● WHAT IS BEING ASKED:
All of the records below should be retyped exactly, with no pictures included.

*** Opening of DATA FOR THIS EXERCISE ***

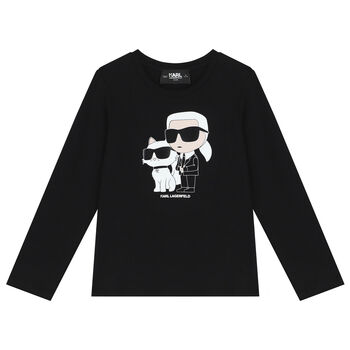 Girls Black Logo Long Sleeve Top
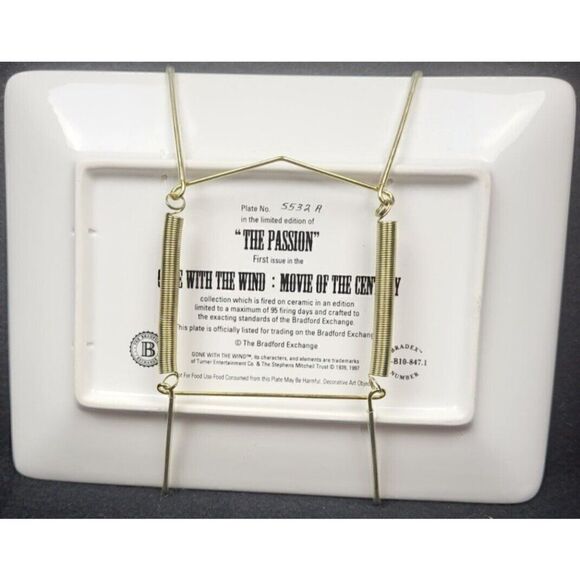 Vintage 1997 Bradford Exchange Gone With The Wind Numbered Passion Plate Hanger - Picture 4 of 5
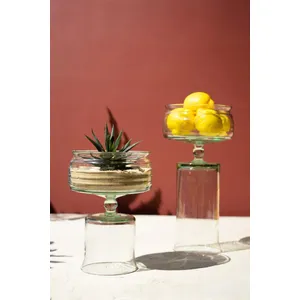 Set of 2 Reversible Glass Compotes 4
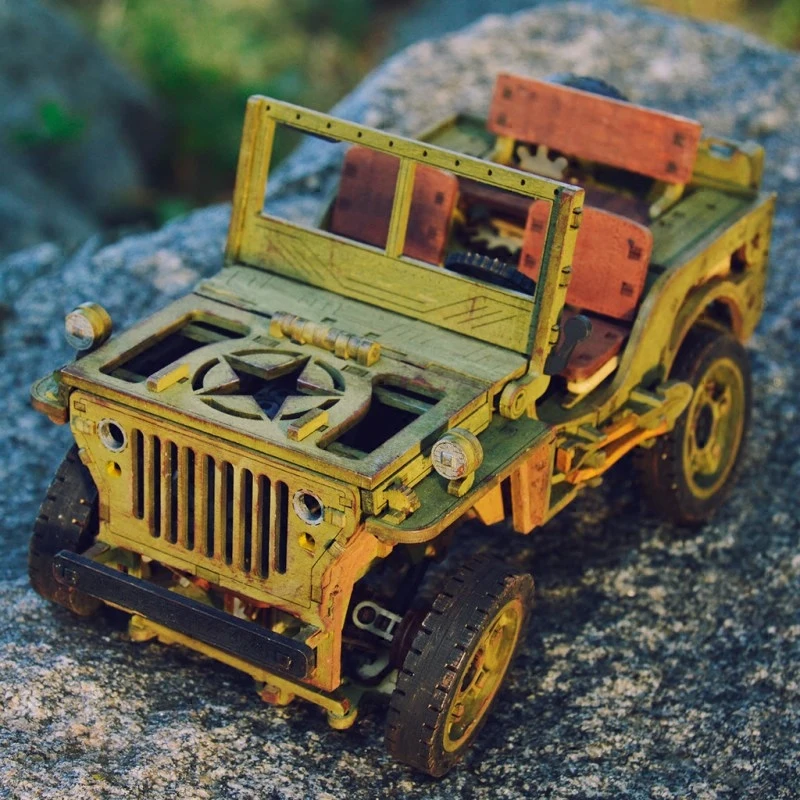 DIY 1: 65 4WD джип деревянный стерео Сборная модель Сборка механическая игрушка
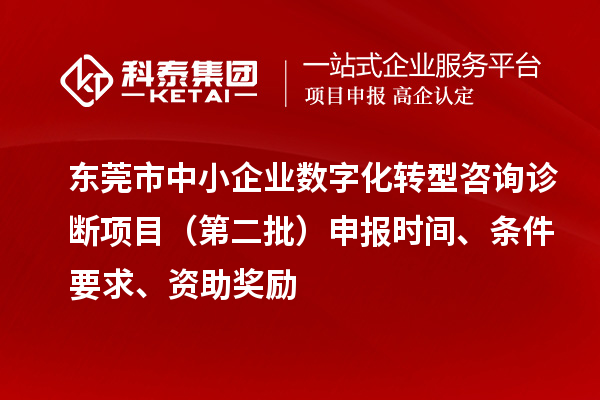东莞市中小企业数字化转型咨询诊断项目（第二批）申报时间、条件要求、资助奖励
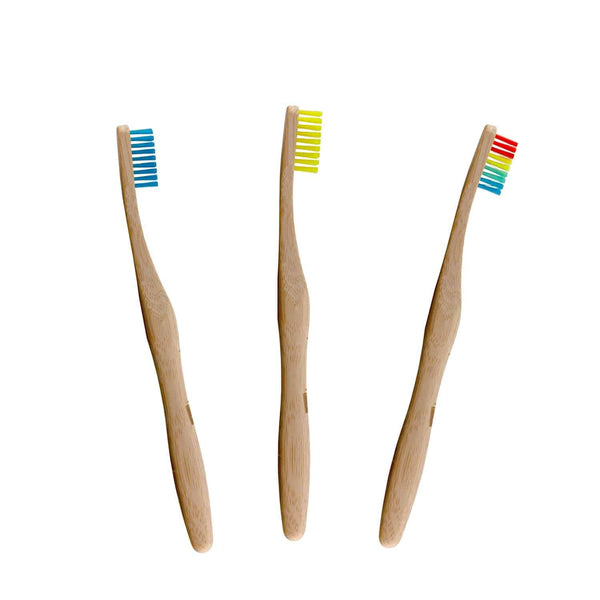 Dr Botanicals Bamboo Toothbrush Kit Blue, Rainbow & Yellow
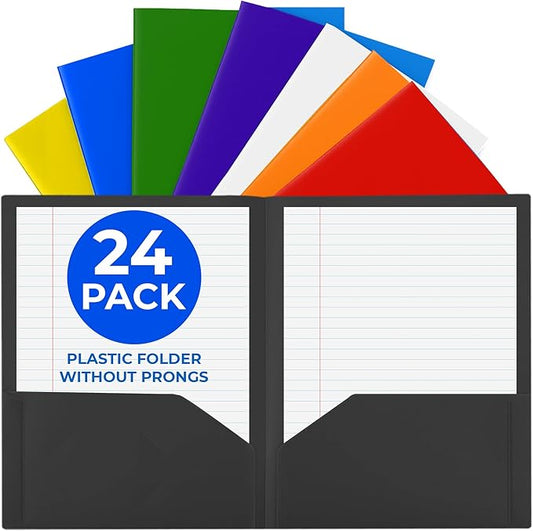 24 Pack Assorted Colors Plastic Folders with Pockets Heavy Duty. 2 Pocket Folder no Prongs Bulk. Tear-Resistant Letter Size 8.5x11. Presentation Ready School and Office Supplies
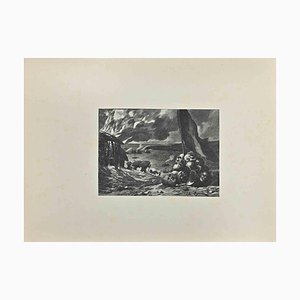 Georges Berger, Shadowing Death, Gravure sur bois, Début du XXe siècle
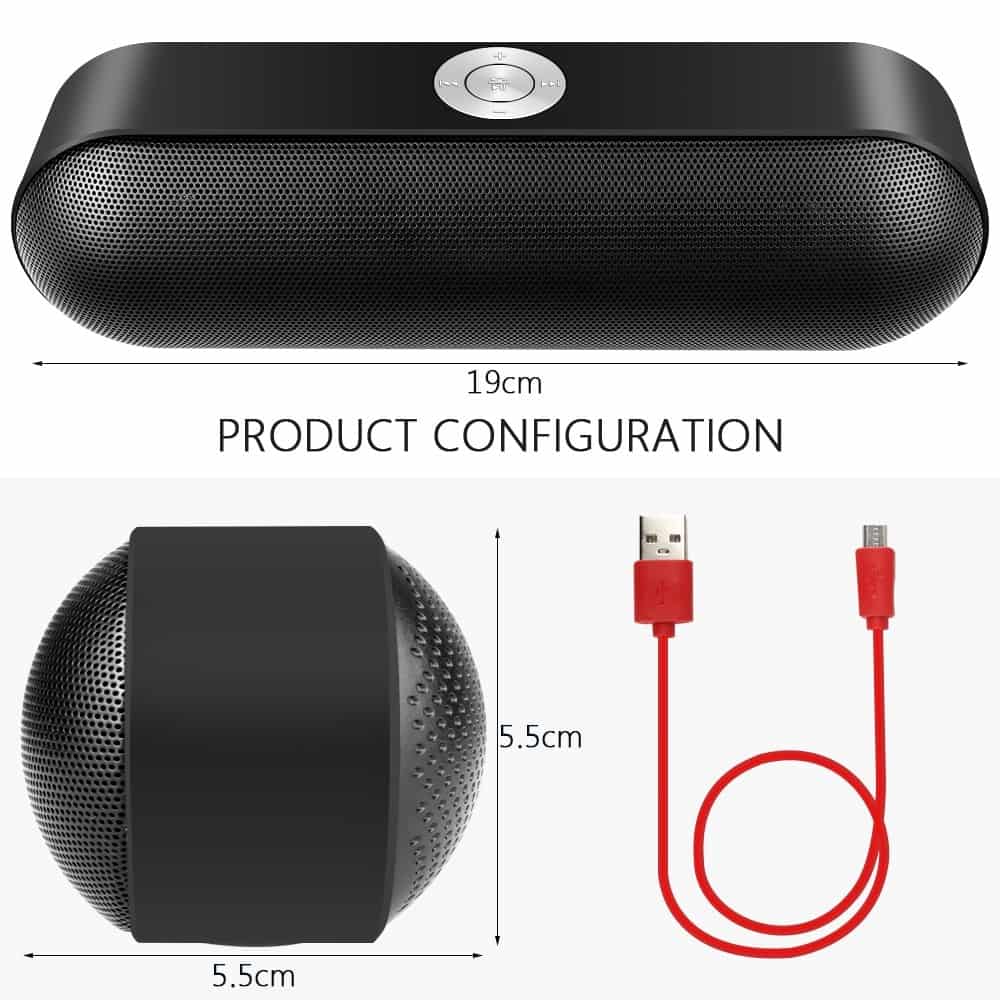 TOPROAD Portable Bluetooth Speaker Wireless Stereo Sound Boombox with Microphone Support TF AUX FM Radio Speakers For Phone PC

*** Close of DATA FOR THIS EXERCISE ***

● TASK RESPONSE:
 Girls Black Logo Long Sleeve Top
 Vintage 1997 Bradford Exchange Gone With The Wind Numbered Passion Plate Hanger - Picture 4 of 5
 Set of 2 Reversible Glass Compotes 4
 DIY 1: 65 4WD джип деревянный стерео Сборная модель Сборка механическая игрушка
东莞市中小企业数字化转型咨询诊断项目（第二批）申报时间、条件要求、资助奖励
 Dr Botanicals Bamboo Toothbrush Kit Blue, Rainbow & Yellow
 24 Pack Assorted Colors Plastic Folders with Pockets Heavy Duty. 2 Pocket Folder no Prongs Bulk. Tear-Resistant Letter Size 8.5x11. Presentation Ready School and Office Supplies
 Georges Berger, Shadowing Death, Gravure sur bois, Début du XXe siècle
 TOPROAD Portable Bluetooth Speaker Wireless Stereo Sound Boombox with Microphone Support TF AUX FM Radio Speakers For Phone PC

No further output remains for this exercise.